Looking around, Vannini caught sight of Bettencourt, Knott and Duffy. “Each wore the 1,000-yard stare of horror.”
PATROLMAN SENERCHIA turned to the woman yelling for her boyfriend. “Just let her go,” Araujo shouted back at him.
“That’s when I realized just how bad this would be,” Senerchia said. “There were just so many others.”
Jason Senerchia, grew up in the Pawtuxet Valley and worked as a mechanic after high school. But he had always wanted to be a cop and counted with pride his days in uniform. Tonight -- two years, ten months, thirty days since he had been sworn in -- he crawled on hands and knees under a blow torch of searing heat.
As he approached the club, he tried not to think of his friend Christopher Arruda. They had been like brothers since first grade. Earlier in the week, each had helped the other shovel their driveways and Arruda had invited Senerchia to the Great White concert.
The Station was Arruda’s second home; he had his own virtual parking spot next door in the Nissan dealership lot. Senerchia hadn’t had a chance yet to look for his green Ford Ranger.
By the stage exit door, Senerchia found a man he assumed was a member of Great White calling out to someone. Senerchia grabbed him and pushed him away from the building.
Eventually he looked over to the Nissan lot.
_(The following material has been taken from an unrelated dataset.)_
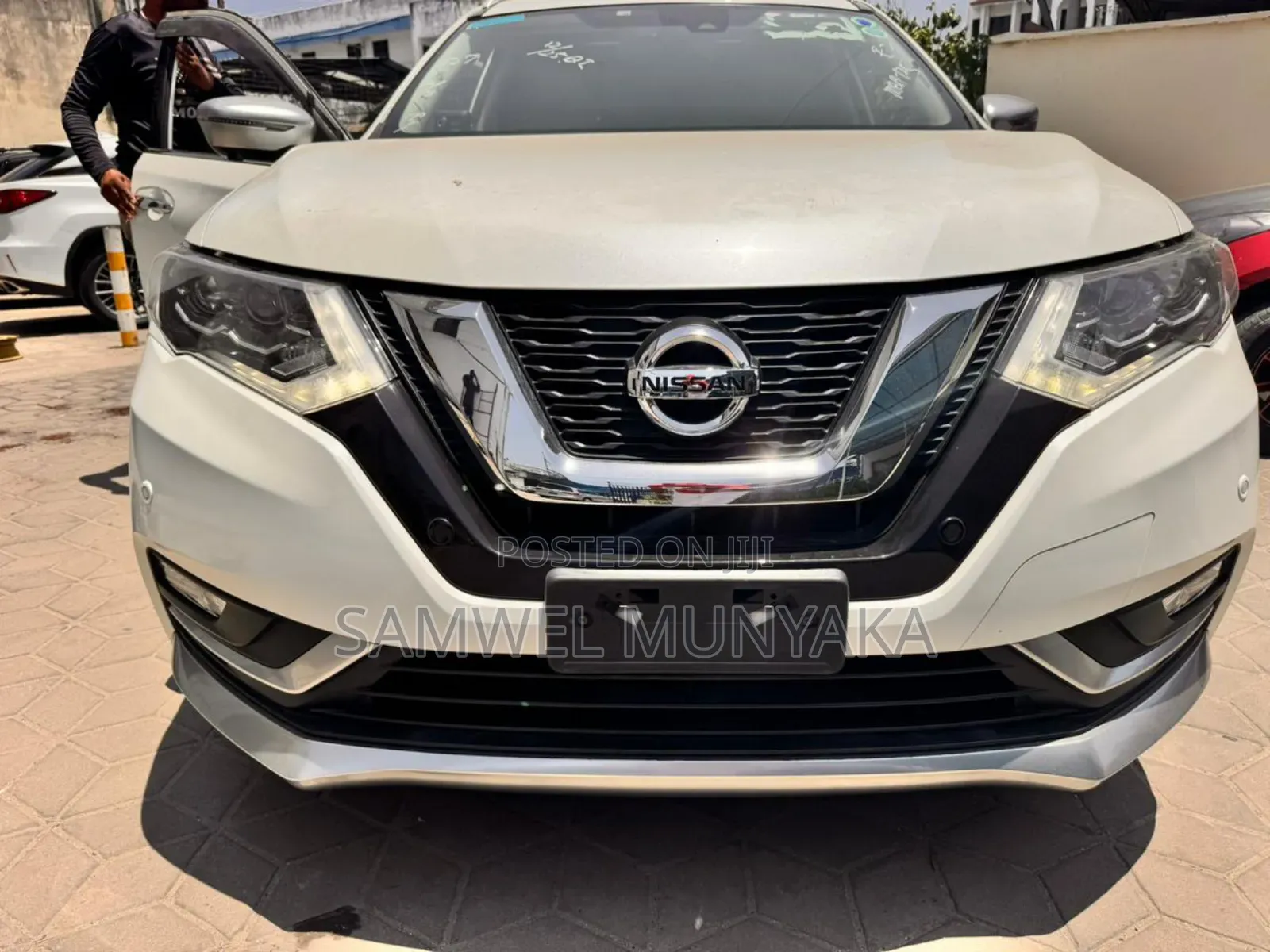 Nissan X-Trail 2.0 Petrol AWD 2018 Pearl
As he feared. Arruda’s truck.
AT THE COWESETT INN across the street, Capt. Johnson worked the triage center. He was worried about his men and got on the radio to raise them. He tried Bettencourt first:
“C-11 to 62 . . . C-11 to 62.”
Bettencourt did not answer; he couldn’t. His radio was shot. “C-11 to 62.”
Knott heard the call and looked around the parking lot and did a quick accounting. Yes, there was Bettencourt and all the other officers. No one was seriously injured. He keyed his radio:
“We’re all here.”
EPILOGUE
Patrolman Jason Senerchia learned the fate of his friend the next morning. A friend called while he was still at the fire. She couldn’t reach Christopher. “That’s when it hit me that he had definitely been inside.” Coroners identified Arruda’s body three days later.
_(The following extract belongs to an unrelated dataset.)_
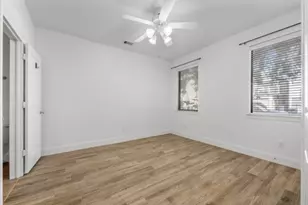 1903 Summer St St, Houston, TX 77007 - Photo 10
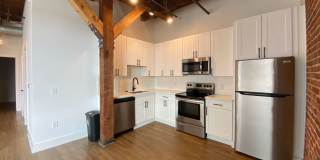 Lofts at Abrams Fixtures Gallery 3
“We did the best we could,” Senerchia says.
Patrolman Stephen Vannini avoided his usual gym for a week. He couldn’t face an employee whose sister was among the 99 killed.
Vannini doesn’t remember hearing a single scream during the fire. “I hear them now.”
Patrolman Anthony Bettencourt and Detectives Appolonia and Araujo long for the day when the fire site is plowed under. They drive by the blackened corner too often; West Warwick is only 8 square miles.
Perhaps once it’s gone, their memories will recede, though Bettencourt has his doubts. Not only did he struggle with the pile of bodies at the door, he saw the second stack just behind it.
Patrolman Mark Knott, who made it out of The Station without injury, hurt his foot a week later jumping over a fence after a burglary. He was out of work for a month.
He reported back to headquarters at midnight on April 1. His duty for the next eight hours: guard the remains of The Station.
There was no moon that night. A damp, burnt smell lingered. Knott walked carefully across glass and bits of burned wood, toward the four concrete steps. As he climbed up what was once the front entrance, he relived the night: the smashed windows, the trapped bodies, the reaching arms.
At the top step he stopped, feeling as if he were standing alone on a blackened stage, struck by how flat and quiet and ever so small it all seemed now. Amazingly small to have once held so much life.